(SOURCE DATA Opens)
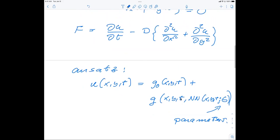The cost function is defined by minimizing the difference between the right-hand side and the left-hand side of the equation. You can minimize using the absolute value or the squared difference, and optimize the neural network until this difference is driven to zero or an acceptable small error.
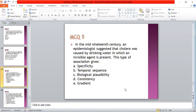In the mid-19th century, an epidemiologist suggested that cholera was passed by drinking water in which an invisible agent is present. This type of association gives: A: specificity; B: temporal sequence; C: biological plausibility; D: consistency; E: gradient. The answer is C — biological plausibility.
(SOURCE DATA Closes)
(SOURCE DATA Opens)
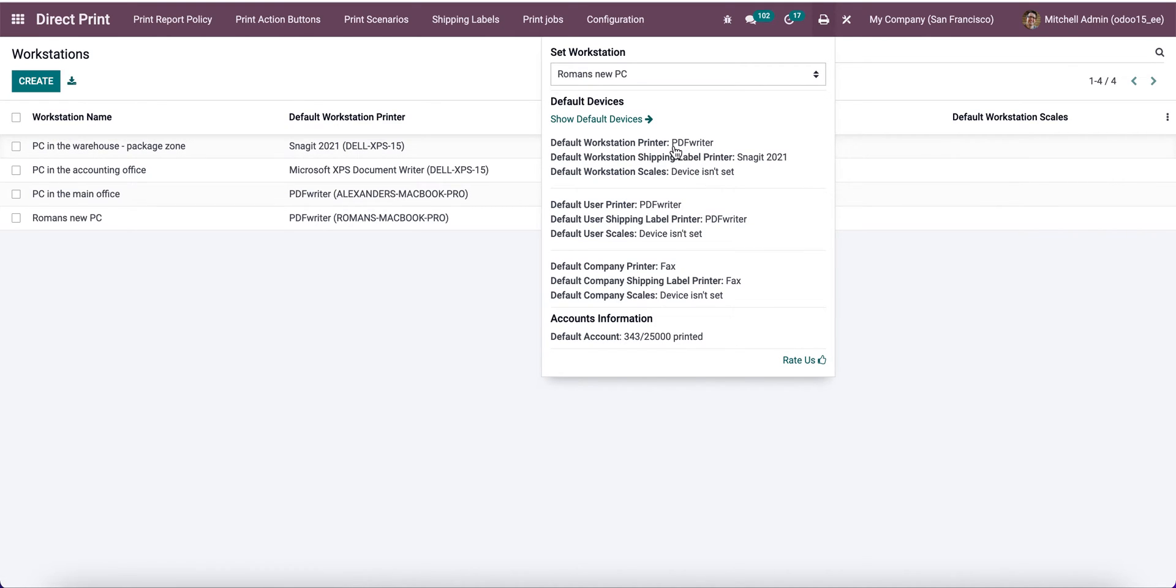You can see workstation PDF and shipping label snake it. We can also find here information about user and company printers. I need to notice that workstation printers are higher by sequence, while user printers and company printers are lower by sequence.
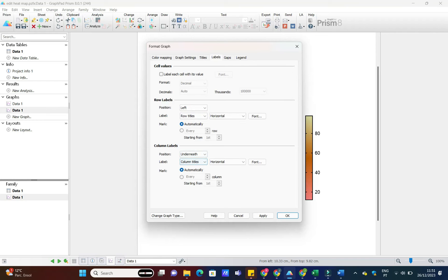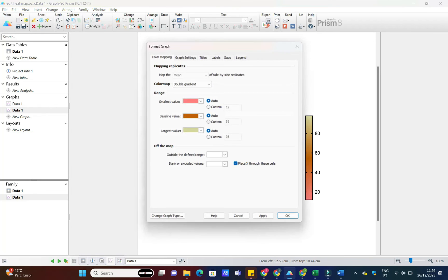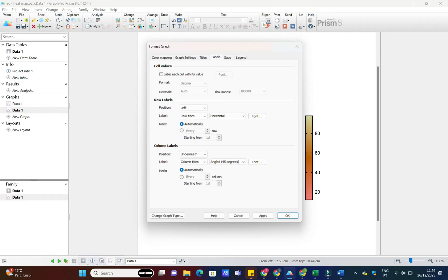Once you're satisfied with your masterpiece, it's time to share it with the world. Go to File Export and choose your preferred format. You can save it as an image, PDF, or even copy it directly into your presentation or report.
(SOURCE DATA Closes)
◆ **ASSIGNED TASK**: Go back to the listing above and reproduce, exactly, the stretch from the line bearing "The cost function" through the line bearing "In the mid-19th", without its pictures.

◆ **WRITTEN SOLUTION**:
The cost function is defined by minimizing the difference between the right-hand side and the left-hand side of the equation. You can minimize using the absolute value or the squared difference, and optimize the neural network until this difference is driven to zero or an acceptable small error.
In the mid-19th century, an epidemiologist suggested that cholera was passed by drinking water in which an invisible agent is present. This type of association gives: A: specificity; B: temporal sequence; C: biological plausibility; D: consistency; E: gradient. The answer is C — biological plausibility.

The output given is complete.